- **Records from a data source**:
● ● ● ●

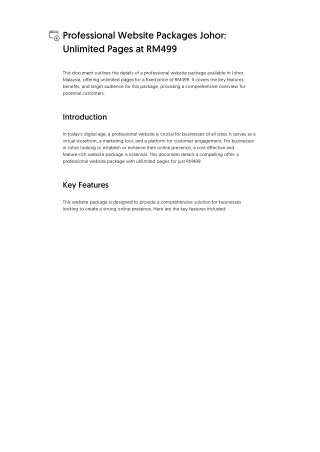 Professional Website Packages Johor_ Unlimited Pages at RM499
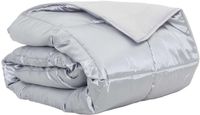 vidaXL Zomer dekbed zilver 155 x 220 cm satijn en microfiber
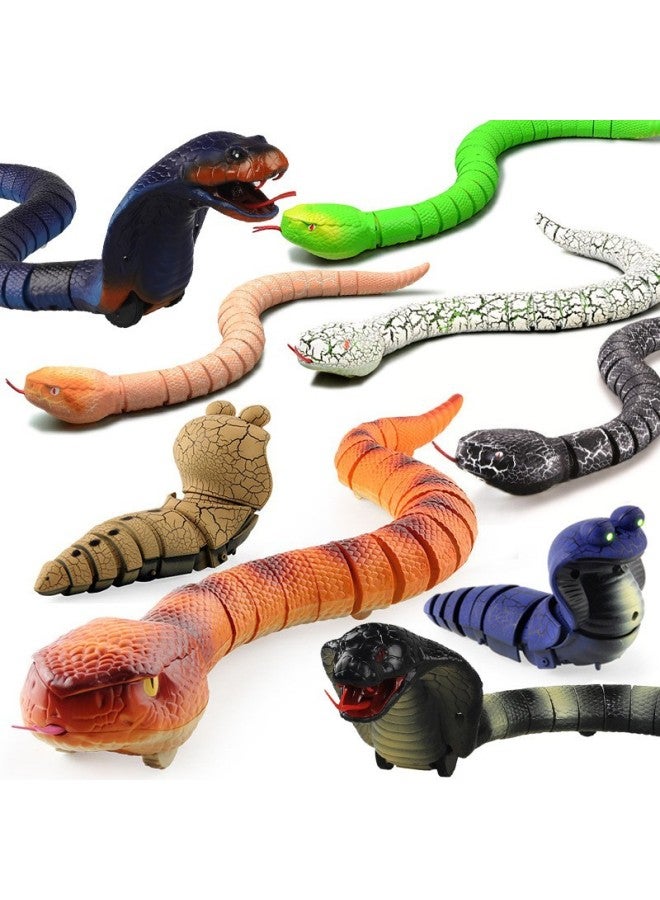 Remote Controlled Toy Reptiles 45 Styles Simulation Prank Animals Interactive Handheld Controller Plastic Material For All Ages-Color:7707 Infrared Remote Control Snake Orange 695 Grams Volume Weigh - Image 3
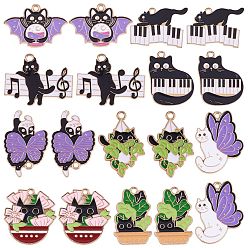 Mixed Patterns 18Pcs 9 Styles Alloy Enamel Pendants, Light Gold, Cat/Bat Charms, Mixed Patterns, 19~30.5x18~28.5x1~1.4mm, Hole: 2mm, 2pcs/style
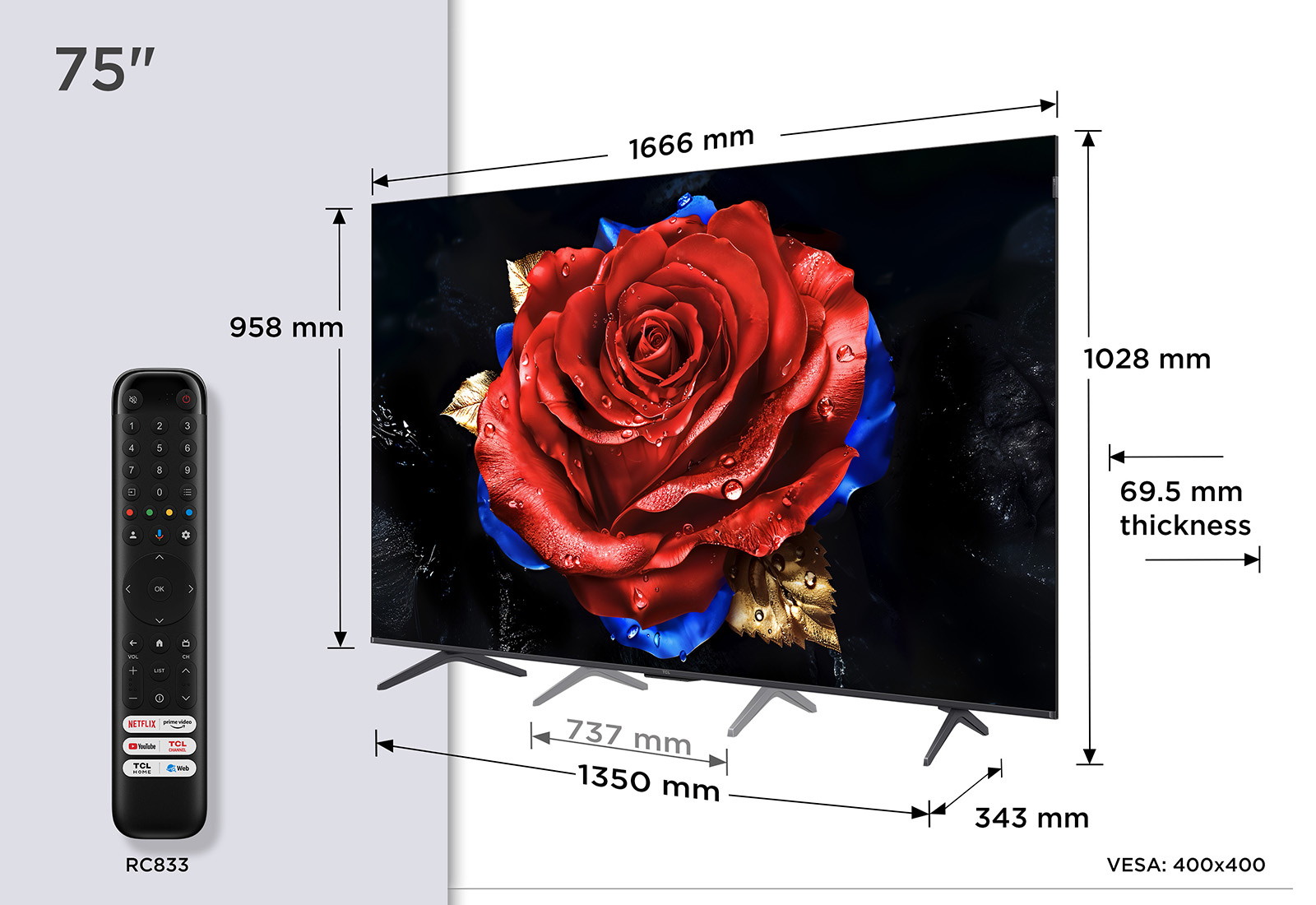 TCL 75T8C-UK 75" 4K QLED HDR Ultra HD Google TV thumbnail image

● ● ● ●

- **What needs to be done**: The copy you write must hold every record verbatim and none of the pictures.

- **Task answer**:
 Professional Website Packages Johor_ Unlimited Pages at RM499
 vidaXL Zomer dekbed zilver 155 x 220 cm satijn en microfiber
 Remote Controlled Toy Reptiles 45 Styles Simulation Prank Animals Interactive Handheld Controller Plastic Material For All Ages-Color:7707 Infrared Remote Control Snake Orange 695 Grams Volume Weigh - Image 3
 Mixed Patterns 18Pcs 9 Styles Alloy Enamel Pendants, Light Gold, Cat/Bat Charms, Mixed Patterns, 19~30.5x18~28.5x1~1.4mm, Hole: 2mm, 2pcs/style
 TCL 75T8C-UK 75" 4K QLED HDR Ultra HD Google TV thumbnail image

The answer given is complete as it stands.